The past few days had been busy and pleasant. She had learned to mimic the singing of birds by puckering her lips and blowing. Then she had learned the songs and calls of all the birds in the Garden; the flamingo, the sparrow, the peacock, the owl, and every other as well. This had delighted her especially because for once Adam had shared her enthusiasm. While he usually greeted her experiments with bewilderment, this time he had been thrilled by her new ability. After spending a day learning how to imitate the birds, she had found him and stood before him in the changing light of sunset and moonrise, whistling, singing and calling. He had stared, a gleeful smile slowly spreading over his face. When she had finished, he had jumped with delight and then seized her hands, demanding to be told how to whistle. She had taught him what she had learned, and they had spent all night whistling at each other, telling each other things in a language they did not understand.
The next day she had run through the forest whistling, and a bee buzzed past her ear. She hummed, duplicating the sound of its flight. Then, inspired, she had searched the Garden looking for new noises to copy. She learned to make a noise like the waves of the sea, and she whistled and hummed and rumbled all day, rearranging the sounds to suit her, delighting in this choreography. At moonrise, when the crickets began to sing, she learned their song too, and wove it into her other songs. Adam listened, perplexed but interested, recognizing the noises but not enjoying the beauty of their arrangement as Eve did.
Eve had spent many days making songs, and she still loved them, but this could not occupy her forever. One day, as she sat silently under a peach tree, trying to think of something to do, suddenly there was the serpent beside her. He had come from the forest behind her, but she had not heard a sound. Unfolding and refolding his wide, glittering wings, he bowed to her and said, "Why aren't you trying to fly anymore? Is something wrong?"
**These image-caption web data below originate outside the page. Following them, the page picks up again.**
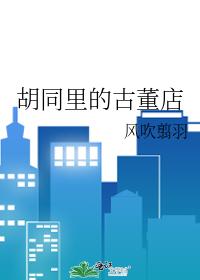 胡同里的古董店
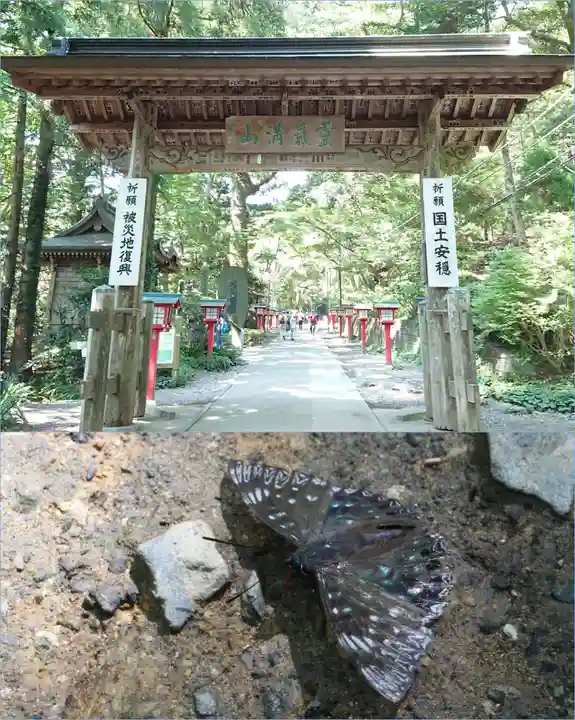 高尾山薬王院の山門・神門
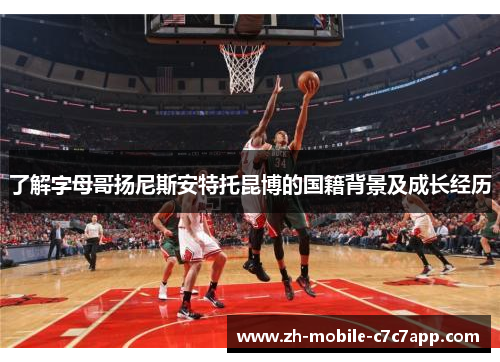 了解字母哥扬尼斯安特托昆博的国籍背景及成长经历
Eve smiled. "No. I just can't think of anything to do. I failed at flying, and I didn't find out what makes things go down, and"
"What? What makes things 'go down'?"
She sighed. "I noticed that everything kept falling down, that everything was attracted to the ground. Even birds must stop there once in a while. I wanted to know what caused it, so I dug a deep hole, but all I found was dirt, and I still don't know why everything falls down."
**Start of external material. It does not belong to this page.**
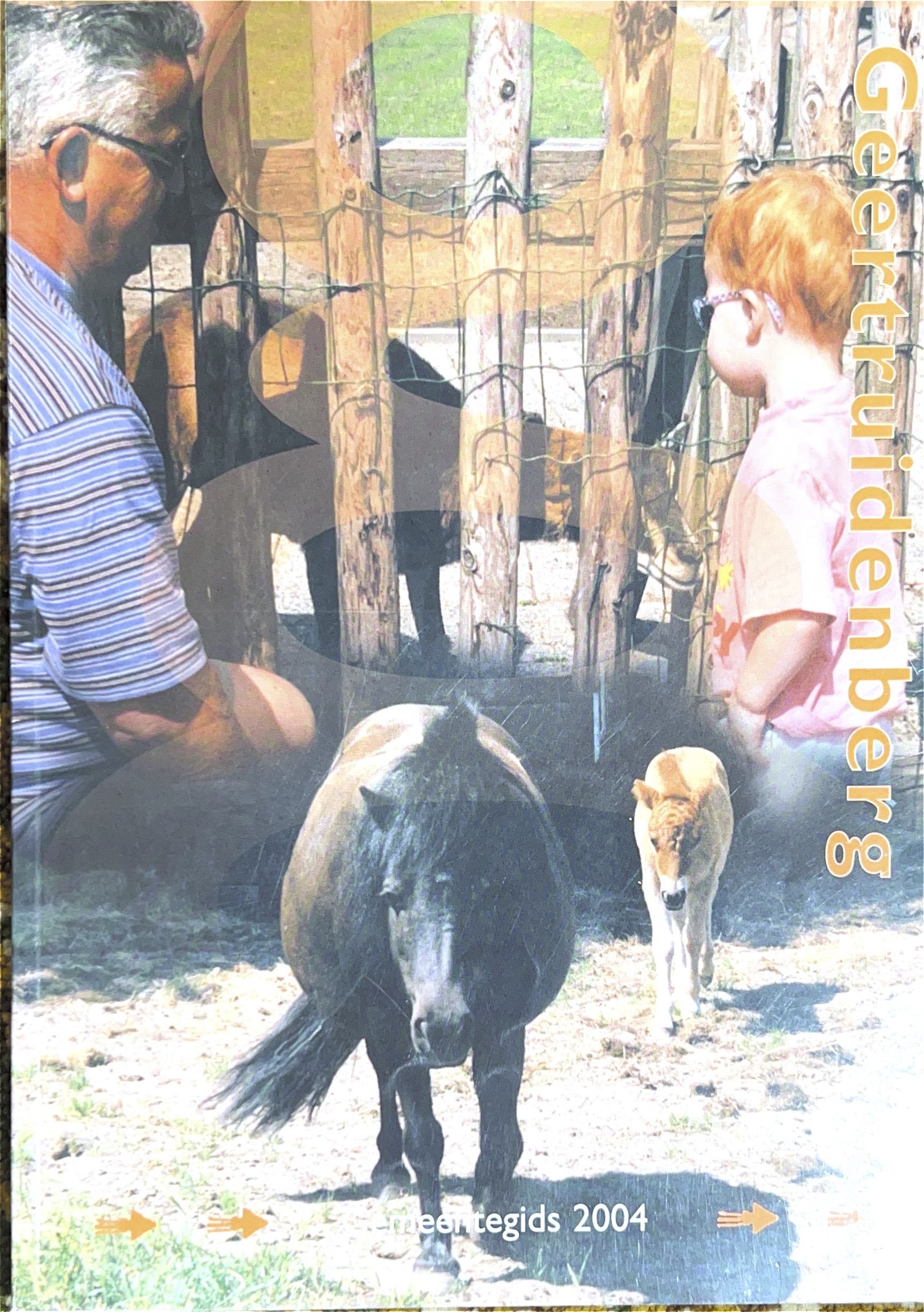 Cover of Gemeentegids 2004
The serpent threw back his magnificent head and roared with laughter. Eve frowned at him, confused and annoyed. "What's wrong?" she snapped. Then she recalled that on her first day in the Garden, Adam had laughed at her whenever she did not know something that he knew well. She stood up, staring intently at the serpent's face. "Do you know what makes things fall down?" she asked in a gasping voice.
The serpent, with a great effort, stopped his laughter, but he still wore a broad smile. "No," he said gently. "It's just that it's so wonderful that you could even think of a question like that, let alone search for the answer. That question has never even occurred to me, and I know many secrets. And would Adam ever ask a question like that?"
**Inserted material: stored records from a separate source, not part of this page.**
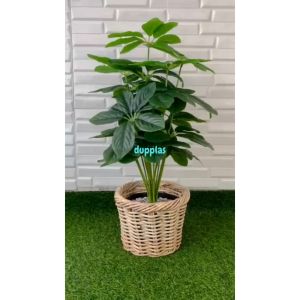 Pohon Hias Tanaman Artificial Anubias Hijau X18 Semilatex Cover Anyaman Rotan Bulat Pajangan Dekorasi Studio Aesthetic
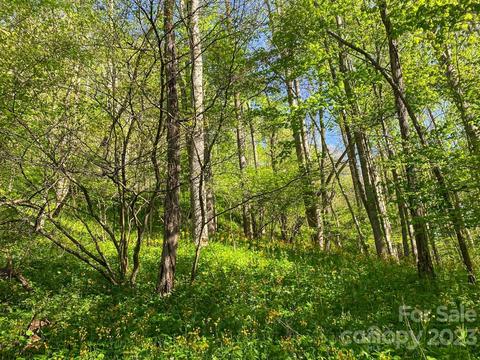 Tbd Stonegate Lane, Creston, NC 28615 photo 11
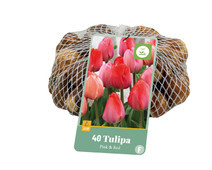 Tulipa Single Pink & Red 40 Bulbs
She thought of Adam's astonishment at her curiosity. "Never," she said. "He would just accept it." And then she asked, "What secrets do you know?"
The serpent's smile faded. "None that concern you. Never mind; they're not important. And you'll probably find them out all by yourself."
Eve was annoyed. She had already explained to him that whether it concerned her or not, if there was something to be known, she wanted to know it. However, she did not continue with her questions. Instead, she sat down again, making herself comfortable. He peered at her curiously. "So, with this great, vast Garden at your disposal, and so many things here that exist solely for your amusement, you have nothing to do? There's not one small thing you haven't explored? You can't try some new fruit, or explore some new corner, or meet some new animal, or"
"That's the problem!" she burst out suddenly. "I've already seen and done everything that the Garden has to offer! I know it all by heart, I've sampled everything a dozen times. There's nothing different and nothing new to find out about! I already know about everything!" She wearily lowered her head into her arms, silent once more.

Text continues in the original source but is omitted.